**What is needed**
Restate the records that follow. Every word must match.

Web page caption snippets
# # # # #

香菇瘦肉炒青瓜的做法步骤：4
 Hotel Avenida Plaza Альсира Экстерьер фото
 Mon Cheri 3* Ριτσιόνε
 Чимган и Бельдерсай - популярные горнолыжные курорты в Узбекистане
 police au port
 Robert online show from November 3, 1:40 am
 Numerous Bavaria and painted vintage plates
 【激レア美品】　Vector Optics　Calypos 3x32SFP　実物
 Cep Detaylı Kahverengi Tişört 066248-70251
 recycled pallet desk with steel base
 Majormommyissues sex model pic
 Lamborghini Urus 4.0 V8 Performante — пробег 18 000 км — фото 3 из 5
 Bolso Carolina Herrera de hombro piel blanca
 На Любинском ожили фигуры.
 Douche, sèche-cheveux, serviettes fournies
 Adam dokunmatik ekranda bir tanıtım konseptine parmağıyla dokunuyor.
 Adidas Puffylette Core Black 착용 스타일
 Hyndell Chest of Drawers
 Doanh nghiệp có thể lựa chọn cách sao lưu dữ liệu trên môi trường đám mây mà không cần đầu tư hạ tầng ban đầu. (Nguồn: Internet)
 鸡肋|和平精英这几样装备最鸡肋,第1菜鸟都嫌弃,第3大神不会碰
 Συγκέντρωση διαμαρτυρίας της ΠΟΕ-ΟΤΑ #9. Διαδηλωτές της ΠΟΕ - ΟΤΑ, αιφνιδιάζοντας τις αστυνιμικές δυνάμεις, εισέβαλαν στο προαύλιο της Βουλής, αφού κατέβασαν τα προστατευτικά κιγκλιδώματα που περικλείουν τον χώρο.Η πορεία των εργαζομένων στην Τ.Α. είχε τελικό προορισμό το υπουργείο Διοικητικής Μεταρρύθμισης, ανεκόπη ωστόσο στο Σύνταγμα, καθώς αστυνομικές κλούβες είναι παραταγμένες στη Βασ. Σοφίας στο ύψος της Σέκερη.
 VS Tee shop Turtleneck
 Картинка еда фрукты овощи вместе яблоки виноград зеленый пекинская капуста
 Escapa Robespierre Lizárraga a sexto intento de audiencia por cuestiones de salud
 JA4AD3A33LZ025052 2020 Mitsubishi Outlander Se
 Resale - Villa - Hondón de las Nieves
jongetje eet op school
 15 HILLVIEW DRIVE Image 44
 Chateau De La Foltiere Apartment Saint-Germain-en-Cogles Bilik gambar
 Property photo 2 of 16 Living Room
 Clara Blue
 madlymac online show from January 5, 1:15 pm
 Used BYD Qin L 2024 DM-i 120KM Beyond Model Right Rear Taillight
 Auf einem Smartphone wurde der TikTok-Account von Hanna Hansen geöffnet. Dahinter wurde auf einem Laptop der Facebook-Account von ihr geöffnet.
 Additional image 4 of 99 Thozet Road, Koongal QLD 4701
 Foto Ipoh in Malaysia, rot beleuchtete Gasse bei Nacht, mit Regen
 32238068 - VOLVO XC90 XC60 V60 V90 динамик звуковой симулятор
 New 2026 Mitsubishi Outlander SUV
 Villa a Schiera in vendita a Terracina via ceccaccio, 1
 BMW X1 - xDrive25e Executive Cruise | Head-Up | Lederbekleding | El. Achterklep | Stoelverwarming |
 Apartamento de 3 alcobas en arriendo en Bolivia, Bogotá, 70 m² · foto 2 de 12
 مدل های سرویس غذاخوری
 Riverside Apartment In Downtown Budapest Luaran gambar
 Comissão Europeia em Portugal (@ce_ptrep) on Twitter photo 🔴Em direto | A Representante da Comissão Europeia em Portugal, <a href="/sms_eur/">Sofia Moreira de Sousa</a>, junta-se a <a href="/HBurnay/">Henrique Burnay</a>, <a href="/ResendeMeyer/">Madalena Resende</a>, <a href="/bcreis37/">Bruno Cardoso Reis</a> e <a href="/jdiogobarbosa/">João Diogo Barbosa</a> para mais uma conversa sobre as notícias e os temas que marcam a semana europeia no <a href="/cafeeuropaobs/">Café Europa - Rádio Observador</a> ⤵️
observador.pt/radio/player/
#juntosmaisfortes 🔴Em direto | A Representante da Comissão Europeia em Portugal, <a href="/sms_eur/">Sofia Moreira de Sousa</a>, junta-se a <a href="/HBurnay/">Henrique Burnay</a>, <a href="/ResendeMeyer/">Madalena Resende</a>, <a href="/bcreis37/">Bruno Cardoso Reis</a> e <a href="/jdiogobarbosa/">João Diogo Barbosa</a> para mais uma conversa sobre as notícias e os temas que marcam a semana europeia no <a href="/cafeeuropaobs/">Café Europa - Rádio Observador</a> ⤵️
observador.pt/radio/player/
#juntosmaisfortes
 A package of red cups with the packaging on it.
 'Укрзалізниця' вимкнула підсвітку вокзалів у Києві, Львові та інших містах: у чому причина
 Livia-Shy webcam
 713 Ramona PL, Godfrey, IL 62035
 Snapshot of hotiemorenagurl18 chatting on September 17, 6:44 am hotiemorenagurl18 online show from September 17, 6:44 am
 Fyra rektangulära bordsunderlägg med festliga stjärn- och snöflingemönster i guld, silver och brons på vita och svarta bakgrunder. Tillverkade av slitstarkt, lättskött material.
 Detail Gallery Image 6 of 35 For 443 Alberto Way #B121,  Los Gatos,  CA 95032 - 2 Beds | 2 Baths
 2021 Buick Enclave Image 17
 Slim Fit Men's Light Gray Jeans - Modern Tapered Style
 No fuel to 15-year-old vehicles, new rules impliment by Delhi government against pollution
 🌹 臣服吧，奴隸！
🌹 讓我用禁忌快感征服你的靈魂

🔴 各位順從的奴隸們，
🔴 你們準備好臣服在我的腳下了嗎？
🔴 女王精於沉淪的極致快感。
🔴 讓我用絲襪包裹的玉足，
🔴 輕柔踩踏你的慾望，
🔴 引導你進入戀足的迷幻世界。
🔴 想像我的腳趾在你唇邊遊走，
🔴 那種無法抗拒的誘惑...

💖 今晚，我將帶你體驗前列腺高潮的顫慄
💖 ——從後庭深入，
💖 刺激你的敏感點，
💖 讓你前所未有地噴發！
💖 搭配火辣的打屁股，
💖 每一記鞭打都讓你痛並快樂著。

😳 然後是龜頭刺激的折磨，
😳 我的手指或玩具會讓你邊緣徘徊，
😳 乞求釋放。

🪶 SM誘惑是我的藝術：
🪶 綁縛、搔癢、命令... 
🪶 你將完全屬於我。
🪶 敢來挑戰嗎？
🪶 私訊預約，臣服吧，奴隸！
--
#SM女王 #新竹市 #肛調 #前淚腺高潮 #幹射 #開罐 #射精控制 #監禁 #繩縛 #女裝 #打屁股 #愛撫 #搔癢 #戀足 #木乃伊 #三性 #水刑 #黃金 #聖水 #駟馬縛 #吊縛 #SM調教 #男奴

# # # # #

**Written response**
香菇瘦肉炒青瓜的做法步骤：4
 Hotel Avenida Plaza Альсира Экстерьер фото
 Mon Cheri 3* Ριτσιόνε
 Чимган и Бельдерсай - популярные горнолыжные курорты в Узбекистане
 police au port
 Robert online show from November 3, 1:40 am
 Numerous Bavaria and painted vintage plates
 【激レア美品】　Vector Optics　Calypos 3x32SFP　実物
 Cep Detaylı Kahverengi Tişört 066248-70251
 recycled pallet desk with steel base
 Majormommyissues sex model pic
 Lamborghini Urus 4.0 V8 Performante — пробег 18 000 км — фото 3 из 5
 Bolso Carolina Herrera de hombro piel blanca
 На Любинском ожили фигуры.
 Douche, sèche-cheveux, serviettes fournies
 Adam dokunmatik ekranda bir tanıtım konseptine parmağıyla dokunuyor.
 Adidas Puffylette Core Black 착용 스타일
 Hyndell Chest of Drawers
 Doanh nghiệp có thể lựa chọn cách sao lưu dữ liệu trên môi trường đám mây mà không cần đầu tư hạ tầng ban đầu. (Nguồn: Internet)
 鸡肋|和平精英这几样装备最鸡肋,第1菜鸟都嫌弃,第3大神不会碰
 Συγκέντρωση διαμαρτυρίας της ΠΟΕ-ΟΤΑ #9. Διαδηλωτές της ΠΟΕ - ΟΤΑ, αιφνιδιάζοντας τις αστυνιμικές δυνάμεις, εισέβαλαν στο προαύλιο της Βουλής, αφού κατέβασαν τα προστατευτικά κιγκλιδώματα που περικλείουν τον χώρο.Η πορεία των εργαζομένων στην Τ.Α. είχε τελικό προορισμό το υπουργείο Διοικητικής Μεταρρύθμισης, ανεκόπη ωστόσο στο Σύνταγμα, καθώς αστυνομικές κλούβες είναι παραταγμένες στη Βασ. Σοφίας στο ύψος της Σέκερη.
 VS Tee shop Turtleneck
 Картинка еда фрукты овощи вместе яблоки виноград зеленый пекинская капуста
 Escapa Robespierre Lizárraga a sexto intento de audiencia por cuestiones de salud
 JA4AD3A33LZ025052 2020 Mitsubishi Outlander Se
 Resale - Villa - Hondón de las Nieves
jongetje eet op school
 15 HILLVIEW DRIVE Image 44
 Chateau De La Foltiere Apartment Saint-Germain-en-Cogles Bilik gambar
 Property photo 2 of 16 Living Room
 Clara Blue
 madlymac online show from January 5, 1:15 pm
 Used BYD Qin L 2024 DM-i 120KM Beyond Model Right Rear Taillight
 Auf einem Smartphone wurde der TikTok-Account von Hanna Hansen geöffnet. Dahinter wurde auf einem Laptop der Facebook-Account von ihr geöffnet.
 Additional image 4 of 99 Thozet Road, Koongal QLD 4701
 Foto Ipoh in Malaysia, rot beleuchtete Gasse bei Nacht, mit Regen
 32238068 - VOLVO XC90 XC60 V60 V90 динамик звуковой симулятор
 New 2026 Mitsubishi Outlander SUV
 Villa a Schiera in vendita a Terracina via ceccaccio, 1
 BMW X1 - xDrive25e Executive Cruise | Head-Up | Lederbekleding | El. Achterklep | Stoelverwarming |
 Apartamento de 3 alcobas en arriendo en Bolivia, Bogotá, 70 m² · foto 2 de 12
 مدل های سرویس غذاخوری
 Riverside Apartment In Downtown Budapest Luaran gambar
 Comissão Europeia em Portugal (@ce_ptrep) on Twitter photo 🔴Em direto | A Representante da Comissão Europeia em Portugal, <a href="/sms_eur/">Sofia Moreira de Sousa</a>, junta-se a <a href="/HBurnay/">Henrique Burnay</a>, <a href="/ResendeMeyer/">Madalena Resende</a>, <a href="/bcreis37/">Bruno Cardoso Reis</a> e <a href="/jdiogobarbosa/">João Diogo Barbosa</a> para mais uma conversa sobre as notícias e os temas que marcam a semana europeia no <a href="/cafeeuropaobs/">Café Europa - Rádio Observador</a> ⤵️
observador.pt/radio/player/
#juntosmaisfortes 🔴Em direto | A Representante da Comissão Europeia em Portugal, <a href="/sms_eur/">Sofia Moreira de Sousa</a>, junta-se a <a href="/HBurnay/">Henrique Burnay</a>, <a href="/ResendeMeyer/">Madalena Resende</a>, <a href="/bcreis37/">Bruno Cardoso Reis</a> e <a href="/jdiogobarbosa/">João Diogo Barbosa</a> para mais uma conversa sobre as notícias e os temas que marcam a semana europeia no <a href="/cafeeuropaobs/">Café Europa - Rádio Observador</a> ⤵️
observador.pt/radio/player/
#juntosmaisfortes
 A package of red cups with the packaging on it.
 'Укрзалізниця' вимкнула підсвітку вокзалів у Києві, Львові та інших містах: у чому причина
 Livia-Shy webcam
 713 Ramona PL, Godfrey, IL 62035
 Snapshot of hotiemorenagurl18 chatting on September 17, 6:44 am hotiemorenagurl18 online show from September 17, 6:44 am
 Fyra rektangulära bordsunderlägg med festliga stjärn- och snöflingemönster i guld, silver och brons på vita och svarta bakgrunder. Tillverkade av slitstarkt, lättskött material.
 Detail Gallery Image 6 of 35 For 443 Alberto Way #B121,  Los Gatos,  CA 95032 - 2 Beds | 2 Baths
 2021 Buick Enclave Image 17
 Slim Fit Men's Light Gray Jeans - Modern Tapered Style
 No fuel to 15-year-old vehicles, new rules impliment by Delhi government against pollution
 🌹 臣服吧，奴隸！
🌹 讓我用禁忌快感征服你的靈魂

🔴 各位順從的奴隸們，
🔴 你們準備好臣服在我的腳下了嗎？
🔴 女王精於沉淪的極致快感。
🔴 讓我用絲襪包裹的玉足，
🔴 輕柔踩踏你的慾望，
🔴 引導你進入戀足的迷幻世界。
🔴 想像我的腳趾在你唇邊遊走，
🔴 那種無法抗拒的誘惑...

💖 今晚，我將帶你體驗前列腺高潮的顫慄
💖 ——從後庭深入，
💖 刺激你的敏感點，
💖 讓你前所未有地噴發！
💖 搭配火辣的打屁股，
💖 每一記鞭打都讓你痛並快樂著。

😳 然後是龜頭刺激的折磨，
😳 我的手指或玩具會讓你邊緣徘徊，
😳 乞求釋放。

🪶 SM誘惑是我的藝術：
🪶 綁縛、搔癢、命令... 
🪶 你將完全屬於我。
🪶 敢來挑戰嗎？
🪶 私訊預約，臣服吧，奴隸！
--
#SM女王 #新竹市 #肛調 #前淚腺高潮 #幹射 #開罐 #射精控制 #監禁 #繩縛 #女裝 #打屁股 #愛撫 #搔癢 #戀足 #木乃伊 #三性 #水刑 #黃金 #聖水 #駟馬縛 #吊縛 #SM調教 #男奴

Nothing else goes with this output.